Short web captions
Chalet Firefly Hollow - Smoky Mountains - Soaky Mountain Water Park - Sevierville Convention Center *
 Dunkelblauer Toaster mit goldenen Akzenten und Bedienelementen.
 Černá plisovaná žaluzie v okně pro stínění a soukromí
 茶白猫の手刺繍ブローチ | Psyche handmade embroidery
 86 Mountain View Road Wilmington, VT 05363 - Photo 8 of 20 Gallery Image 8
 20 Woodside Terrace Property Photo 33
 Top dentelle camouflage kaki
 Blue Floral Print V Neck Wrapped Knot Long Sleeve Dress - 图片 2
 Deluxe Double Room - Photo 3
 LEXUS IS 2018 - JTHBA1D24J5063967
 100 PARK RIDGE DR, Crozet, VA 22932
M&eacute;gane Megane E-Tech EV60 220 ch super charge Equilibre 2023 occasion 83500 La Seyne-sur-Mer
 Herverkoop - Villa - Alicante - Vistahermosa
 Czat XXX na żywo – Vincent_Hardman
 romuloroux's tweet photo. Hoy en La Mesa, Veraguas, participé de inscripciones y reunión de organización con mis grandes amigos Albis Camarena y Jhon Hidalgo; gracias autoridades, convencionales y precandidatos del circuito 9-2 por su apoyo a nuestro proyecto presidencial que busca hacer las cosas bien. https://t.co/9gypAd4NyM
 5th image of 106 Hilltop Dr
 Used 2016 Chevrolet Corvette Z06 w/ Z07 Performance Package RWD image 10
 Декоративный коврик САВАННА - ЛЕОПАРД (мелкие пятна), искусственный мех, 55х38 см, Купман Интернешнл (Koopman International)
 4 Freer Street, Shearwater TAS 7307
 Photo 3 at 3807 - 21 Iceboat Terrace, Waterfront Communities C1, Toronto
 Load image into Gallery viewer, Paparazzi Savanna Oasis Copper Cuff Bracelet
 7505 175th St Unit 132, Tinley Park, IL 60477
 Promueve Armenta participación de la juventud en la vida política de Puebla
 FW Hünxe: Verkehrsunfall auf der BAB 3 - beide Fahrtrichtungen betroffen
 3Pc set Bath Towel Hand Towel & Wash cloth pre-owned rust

◆ Work instruction: What you copy out must be exactly the lines from the line containing "5th image of 106 Hilltop Dr" through the end of the records.

◆ Reply:
 5th image of 106 Hilltop Dr
 Used 2016 Chevrolet Corvette Z06 w/ Z07 Performance Package RWD image 10
 Декоративный коврик САВАННА - ЛЕОПАРД (мелкие пятна), искусственный мех, 55х38 см, Купман Интернешнл (Koopman International)
 4 Freer Street, Shearwater TAS 7307
 Photo 3 at 3807 - 21 Iceboat Terrace, Waterfront Communities C1, Toronto
 Load image into Gallery viewer, Paparazzi Savanna Oasis Copper Cuff Bracelet
 7505 175th St Unit 132, Tinley Park, IL 60477
 Promueve Armenta participación de la juventud en la vida política de Puebla
 FW Hünxe: Verkehrsunfall auf der BAB 3 - beide Fahrtrichtungen betroffen
 3Pc set Bath Towel Hand Towel & Wash cloth pre-owned rust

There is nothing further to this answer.